Never before have we had so many apples.

We have munched. We have stewed, we have baked. We have snuck baskets of fruit into every passing neighbour’s car.

But there comes a time when you have to decide what on earth to do with so many bushels of autumn bliss.

The horses do not need to eat them all. The hornets and wasps have too much with the sweet grapes to even make a dent in the crop. And I don’t even think the badgers and foxes have made much inroad from the ones that have fallen off the trees.

Thank you, thank you damp Spring. And the flowering blossom which escaped the hard, late frost.

No figs this year. But the apples are incredible.

All hail our neighbour Solène who proposed we combined our crops to get them juiced. There were so many apples around here that the pressing factory (sorry, I have lost its name) set the limit to 200 kgs per load because they were inundated with requests.

Our other neighbour Monsieur Perrochon was going to be pressing 450kgs from just a few trees, so Solène took advantage of his van offer and we snuck in.

Total from our mountain harvest with just one other farm, 91 bottles. Here is a sample of our ‘stash’.


Never before have we had our own bottled juice from the farm. So if all goes well, this could be the start of something marvellous.

The Melrose apple tree in the orchard is only a baby. Just …

I had to check. Cue a scroll back through the Orchard file all with all its distractions. It’s not a baby at all.

It was a gift from our friends Fenning and Gillie back in 2009.
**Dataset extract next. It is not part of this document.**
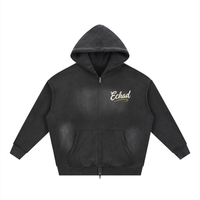 EMETH™ ECHAD — Hoodie Zippé - Noir / S - EMETH
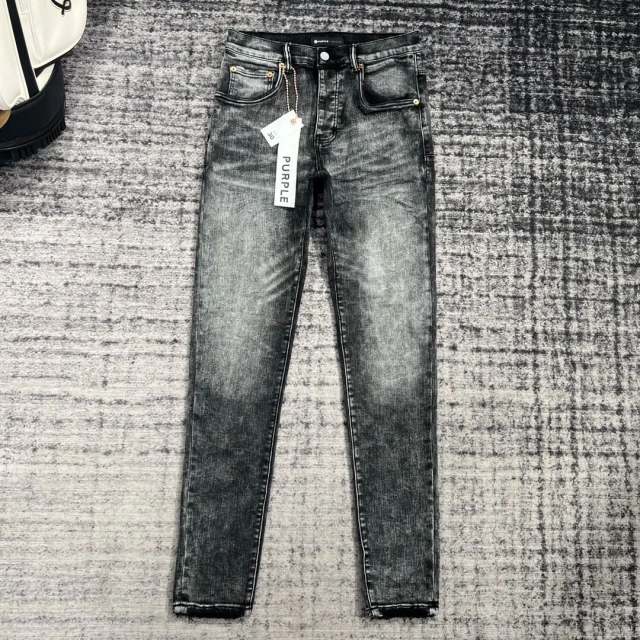 1:1 Quality PURPLE BRΑND Mid Indigo Denim Jeans 23SS Pants Men P002 Slim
So in normal orchard years that is a long time before a tree will produce an abundance of fruit. But this is not a gentle climate.
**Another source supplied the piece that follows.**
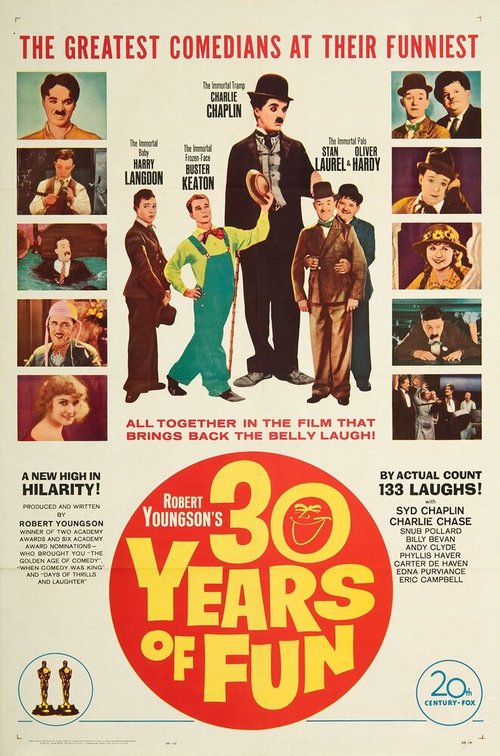 Смотреть фильм 30 лет веселья / 30 Years of Fun (1963) онлайн в хорошем качестве SATRip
It has been a fine tree for years. But this is the first time it has really fruited like mad.

So that is going to be the solution for our glut.

And next week we have another slot booked for the press. We are going to combine the big juicy flavour of the Melrose, which we didn’t pick, with our wild apples from the crab apples on the lower terraces. And this beauty I found up near our source.
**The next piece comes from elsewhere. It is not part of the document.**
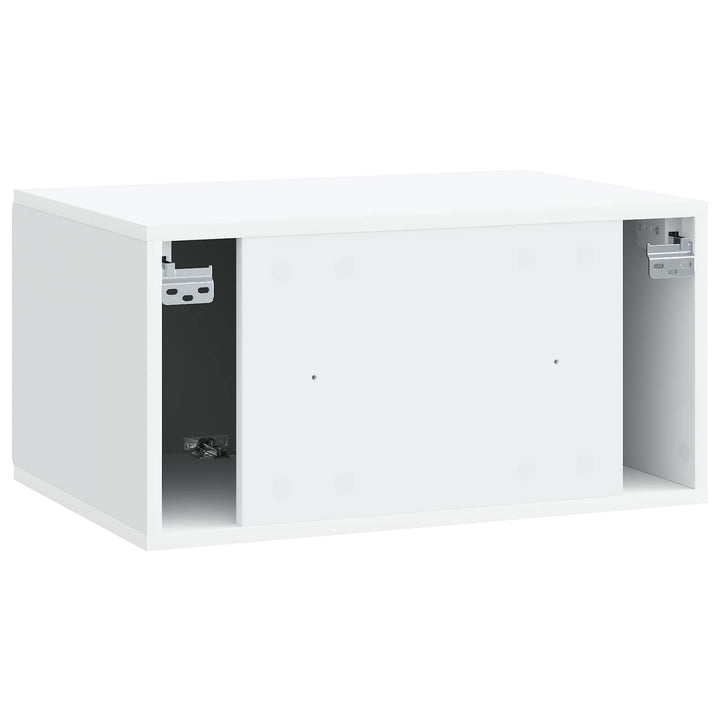 Væghængt TV-skab 59,5 x 41 x 30 cm Hvid Konstrueret træ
It’s too high to pick, so we will shake the branches and collect all the fallen fruit just the day before the pressing. Tart from the wild, sweet from the Scottish breed. I’m excited to see the results.

But just so you know it’s not all swanning about picking fruit from trees and ambling back to bake a pie…

Only Lisa, the other true sufferer from the harvest mite, chigger, aoûtats affliction, will attest…I paid dearly for my foray in the forest to look for fruit.

Covered in bites. Head to crease. Neck to knee. And even ankles and tops of toes. Agonies. Itching like mad. I dread going out.

I fear even the cat is scratching.

And no. It’s not fleas. We have never ‘enjoyed’ those itchies around here.

Solène’s kittens do have fleas. Here are hers. I don’t even dare walk around the forest path to her home to cuddle these unbelievable beauties.

(And I am posting these as she has announced that these can be yours to take home in a few weeks time when they have grown a bit more. Their resident cat evades capture and Vet. And produces beauties like these way too frequently.)

The Creature is positively lumbering and wonky in comparison to the big-eared long-haired fluffiness of La Charèyre cats.

But The Creature chose us and who are we to notice her less appealing beauty. She is a part-time cat and delighted to have us. Even when we go away for days on end to London and abandon her to the mercy of kind neighbours.

And even when we go for a walk and she is not permitted to follow. (Bribed with cat food the nanosecond before we sneak away in case you were wondering how we head off down the road without seeing her behind us, tail up, waddling along with delight, wanting to play.)

I need to go for a walk in a bit. But curse this mountain setting. There is no place that does not have an overhanging tree with mites just waiting to drop on the unsuspecting passer-by.

Until we find a cure that doesn’t involve antihistamine, lots of booze to distract oneself from the mad itch, roll neck tops even when it’s warm, I give you another shot of the delicious glut.